In so many records of the seventies, the drums sounded like somebody tapping on a bloody cardboard box—dull and flat and non-ringing. There were still loads of dead rooms around in those days, rooms that were trapped to death.

When I first got to the Townhouse, it was like that, and it took a bit of doing to persuade the powers there to let me have a live area in the studio where we could put in our own acoustic treatment, which was basically big stones dug out of the garden at the Manor Studios in Oxford.

Do you believe in always trying to make an artist as comfortable as possible, or do you try to keep them on edge?

Well, I know that different producers take different approaches: no two people will crack a nut in the same way. But I’ve always felt that 50 percent of making a record is the microphones and equipment, and the other 50 percent is the vibe in the room, which the producer is largely responsible for.

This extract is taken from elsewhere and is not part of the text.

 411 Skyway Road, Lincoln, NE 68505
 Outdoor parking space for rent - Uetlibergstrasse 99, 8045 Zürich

There’s the old cliché, for example, of winding the singer up just before he sings so that you get a better performance out of him.

Does that ever work?

A lot of people have done it and have gotten good results. More often, though, I tend to take the opposite approach—I’ll do whatever I can to make a nervous singer feel comfortable.

For example, here in my studio I’ve got table lamps all over the place so it feels more like home and is less intimidating. If you march someone out into the center of the main orchestral room at Abbey Road and just order them to sing their heart out, it’s probably quite a difficult thing to do.

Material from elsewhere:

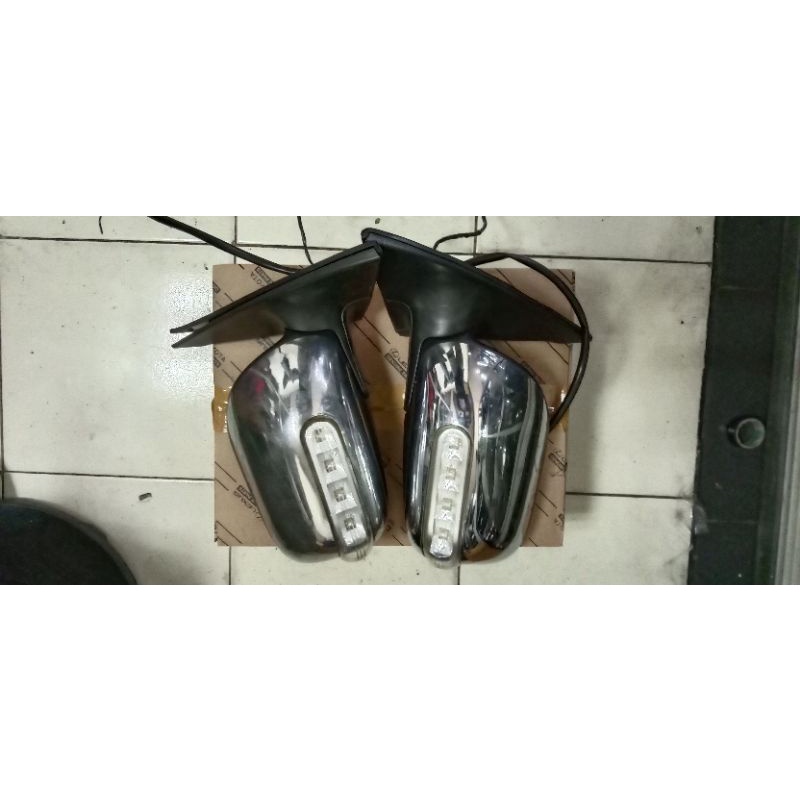 spion avanza vvti 2005-2010 original sepasang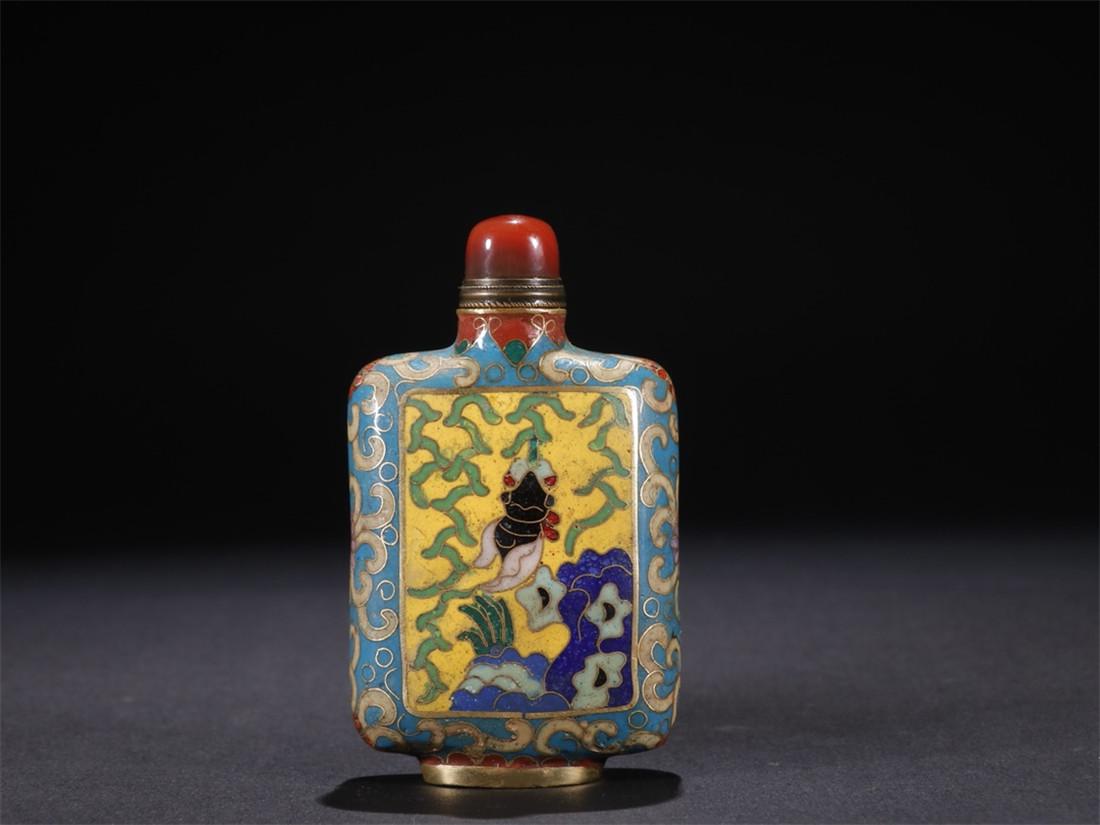 Qing Dynasty copper enamel snuff bottle (1 of 9)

So evaluating the situation is extremely important, as is pre-reading the situation—knowing when it might be the right time to do this, that, or the other. It’s a balancing act the whole time; you’re constantly reading the artist to try to determine if they react best to being wound up a bit or being coddled.

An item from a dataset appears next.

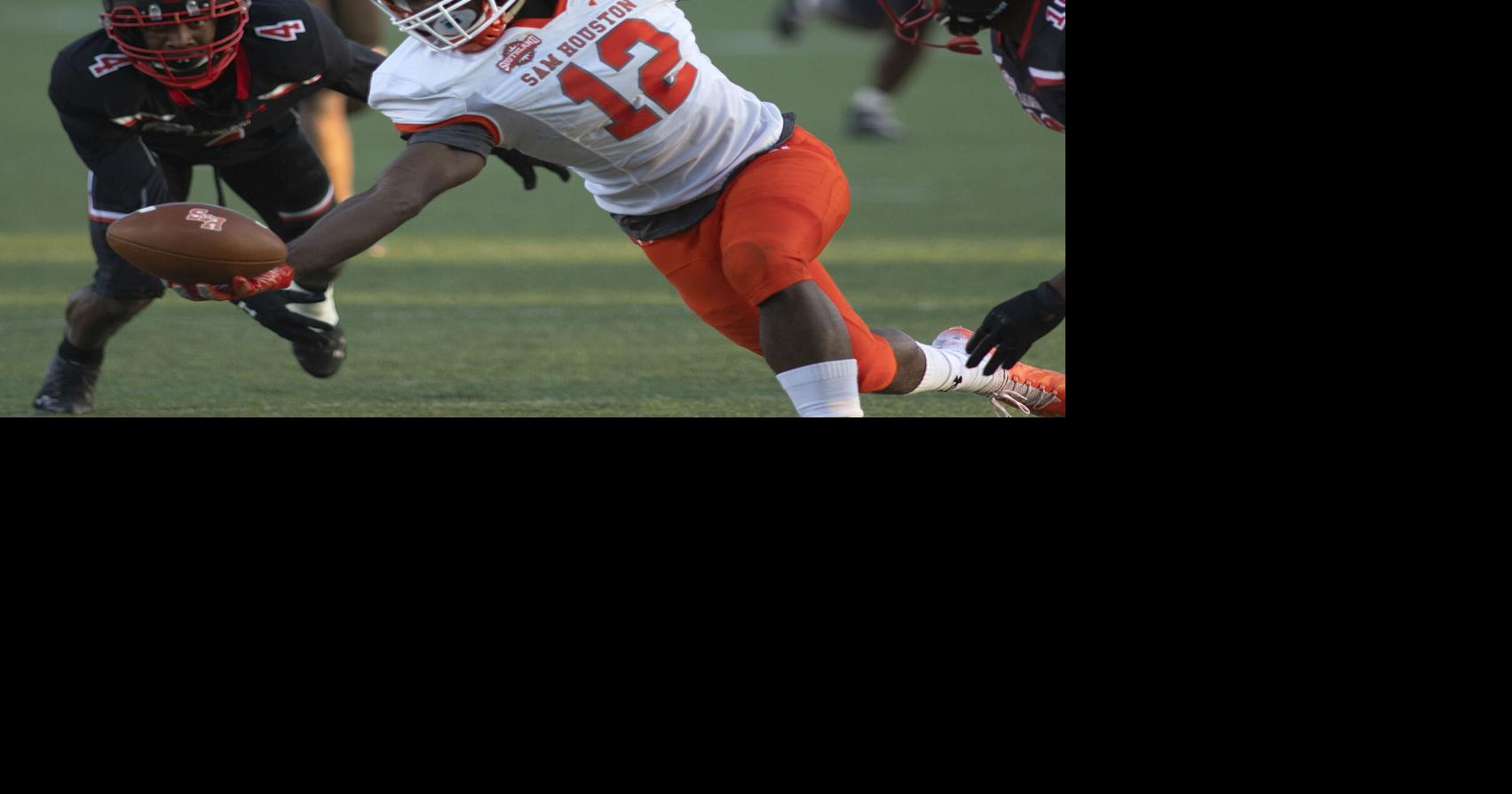 No. 7 Sam Houston torches Lamar, improves to 30 for first time since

Do you spend a lot of time in pre-production socializing with artists, getting to know them as people?

I’ve always tried to do as little pre-production as possible, because I find that whatever you think you’ve achieved in pre-production often tends to be not what you thought it was—you won’t know if the drummer can or cannot really play until you get him into the studio, for example.

Even though the economics nowadays dictate that you be as prepared as possible, pre-production doesn’t always work out to be the best way to accomplish that.

Unfortunately, lack of time or budget sometimes prevents you from doing a lot of experimenting, and that’s a problem when working with new artists in particular. It’s nice when you have a longstanding professional relationship with an artist and you know what vocal chain sounds best on them for a ballad, for example.

The last thing you want is for them to have sung their best while you were busy fiddling with a compressor and so the level was moving up and down.

Presumably since you own an SSL console, you don’t like to mix in the box.

No, I don’t. I admire anybody who can do it, though. [laughs] I know that some people who grew up in the era of the analog console are doing it, and they say they love it, but I can’t get my head around it.

I also don’t believe that it sounds as good. You at least need a summing mixer, to my way of thinking, but a lot of people still don’t use even those, even though a lot of them are reasonably priced now.

I still like pushing three or four faders in each hand at once, and you can’t do that kind of thing with a mouse. There are, of course, control surfaces with faders, but even with those you’re still pushing all the audio through this little digital pipe.